Now let us discuss in details the challenges and the expectations of the post-referendum period.

Firstly let us consider the expectations in regards to the completion of the referendum and foresee any complications up to and after the election. The referenda are the final provisions of the CPA which is a hard-won right in which SPLM managed to contract peacefully and get more than what it would have probably got by the bullet. The South has so far entertained relative stability and peace that the citizens are starting to feel and taste its fruits. It is vital, therefore, for the SPLM to see the referenda concluded. And their conclusion must not be at all costs that may adversely question the final results. The objectives for the referenda are based on the implementations of their clauses freely and transparently leaving no chances to suspect the authenticities of their outcomes.
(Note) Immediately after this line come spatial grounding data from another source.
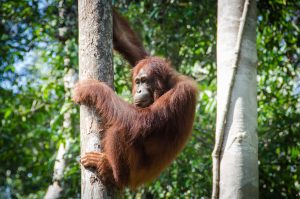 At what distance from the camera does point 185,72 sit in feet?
21.0

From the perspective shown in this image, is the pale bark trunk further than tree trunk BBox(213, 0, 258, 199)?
Yes

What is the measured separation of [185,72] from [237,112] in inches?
116

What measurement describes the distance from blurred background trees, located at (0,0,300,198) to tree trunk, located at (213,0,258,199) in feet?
6.35

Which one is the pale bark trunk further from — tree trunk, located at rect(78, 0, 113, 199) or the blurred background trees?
tree trunk, located at rect(78, 0, 113, 199)

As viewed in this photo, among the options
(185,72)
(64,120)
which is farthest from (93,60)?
(64,120)

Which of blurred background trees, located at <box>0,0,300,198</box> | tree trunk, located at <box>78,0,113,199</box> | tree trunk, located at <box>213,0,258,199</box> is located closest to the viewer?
tree trunk, located at <box>78,0,113,199</box>

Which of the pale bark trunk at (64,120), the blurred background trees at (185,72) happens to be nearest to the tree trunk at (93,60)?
the blurred background trees at (185,72)

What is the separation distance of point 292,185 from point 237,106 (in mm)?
2571

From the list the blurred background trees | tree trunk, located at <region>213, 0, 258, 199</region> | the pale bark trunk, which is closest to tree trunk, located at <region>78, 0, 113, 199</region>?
tree trunk, located at <region>213, 0, 258, 199</region>

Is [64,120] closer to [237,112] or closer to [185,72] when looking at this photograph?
[185,72]

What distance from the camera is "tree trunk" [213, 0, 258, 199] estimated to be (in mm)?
3377

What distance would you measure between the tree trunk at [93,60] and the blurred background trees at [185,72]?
2.02 metres

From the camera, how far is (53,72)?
23.1ft

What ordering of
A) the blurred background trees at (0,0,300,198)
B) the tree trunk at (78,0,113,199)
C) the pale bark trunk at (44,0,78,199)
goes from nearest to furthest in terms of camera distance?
the tree trunk at (78,0,113,199), the blurred background trees at (0,0,300,198), the pale bark trunk at (44,0,78,199) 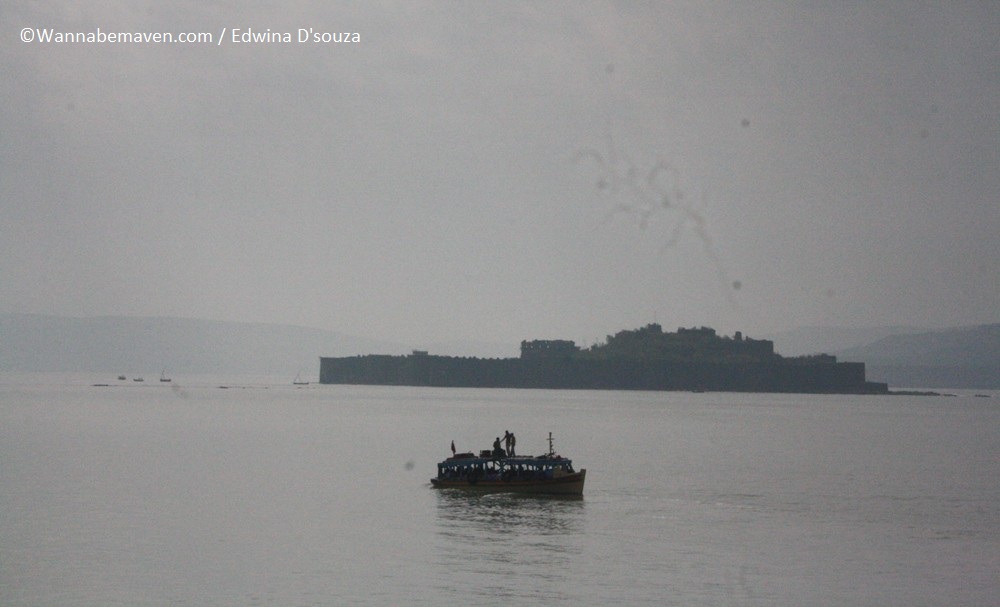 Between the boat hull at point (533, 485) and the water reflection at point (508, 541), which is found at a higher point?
the boat hull at point (533, 485)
The NCP which had been bailed out by the same provisions of CPA which replenished its political life and gave it international recognition is also not keen to be seen as discredited partner that dishonor agreements. The legitimacy of the results of the referenda is part and parcel of the precise implementation of the CPA.  Secession will emphatically be contested if the SPLM is seen to abrogate its provisions and not the NCP. On the other hand unity will be contested if the NCP managed to abrogate the CPA.

 

The referendum is not an election. It is a one-time opportunity that must be treated carefully. And since its utmost objective is to conclude a credible, free from manipulation and transparent mechanism of choice then the parties must not fight on the process and allow themselves to quarrel over rigid timetables. It must be in the interest of SPLM not to influence the Referendum Commission (RC) to rush for an immature process that will certainly end up with highly controversial results appropriate for future tensions between the two nations. The US administration and the International Community must also not be seen to intervene and expedite the process through. Such influence will be considered as cause for exploitation by either party. The game of war of words that January the 9th is a red line may be seen as tactical maneuver to extract concessions by the contending partners. It is inadvisable for the south to adopt Unilateral Declaration of Independence (UDI). Critics allege that such move would lead to civil war and breakdown of law and order. Many citizens will die in riots, massacres or from hardships on their ways to safety. If UDI has been declared prior to credible referundum process it will be up to the GOSS to maintain public order and to safeguard minorities on both sides of the borders.

 

Because the demarcation of the boundaries is not considered essential to the conduct of the referenda the RC has been spared a challenging task for the moment. It is left to arrange for logistics to oversee the other issues through. However, granting separation or independence before defining the borders is a recipe for disputes and future conflicts. The war between Eritrea and Ethiopia over unsettled border is painful example and reminder of leaving critical issues outstanding for later negotiations.

 

The contested area of Abyei is the most critical part of the referenda. Since the CPA has not defined strictly which community has the right to vote it is extremely hard to see how one side compromises first? If the Misseireyia majorities in Abyei are allowed to vote then Abyei will certainly go north. If the right to vote is granted to the Dinka Ngok alone then it is also certain that the area would join the South. The Misseireyia Arabs who spend eight months annually of their seasonal migration southwards in search of pasture for their livestock will feel like a homeless community. Regarding their history as collaborators with northern regimes that committed grave atrocities against southerners it is not expected that indefinite Arab presence will be welcomed to settle in the South. It is equally not to expect massive emigration of the Misseirya to the North where their livelihoods and survival are subject to great risks. Either choice made in this connection may lead to another north/south war.

 

To leave this issue to sort itself out is not possible. Whether the south voted for separation or unity the existence of the communities side by side is unquestionably everlasting. The Misseireya were exploited for too long to fight wars for the center which in the end have proved detrimental to their existence. Now it is time to think of new arrangement for the communities across the divide to live in harmony and symbiosis. The newly beneficial relationship must be constitutionally protected to internationally accepted standards taking into consideration possible future socioeconomic changes. In our opinion Confederation strengthens the ties for both communities to unite by purpose and direction. The NCP which controls the north has so far failed to come up with a constitution which is not divisive to the Sudanese nations. The south must not allow itself to replicate the same political failure lest it decant those failures into its newly formed state.

 

Secondly what are the possible reactions from the north, if the south votes for independence (including the possibility of the north denying the referendum or claiming it undemocratic etc.)? We have to look at these questions relative to three periods; immediate, medium term and long-term reactions. It is reasonable to define the terms arbitrarily. Immediate means events happening in the wake of declaring the results of the vote up to the fist week after. The medium-term period is the period from the end of the first week after declaring the result of the vote and extending up to the end of the interim period ending by 9th July 2011? The long-term is the period long after the end of the interim-period.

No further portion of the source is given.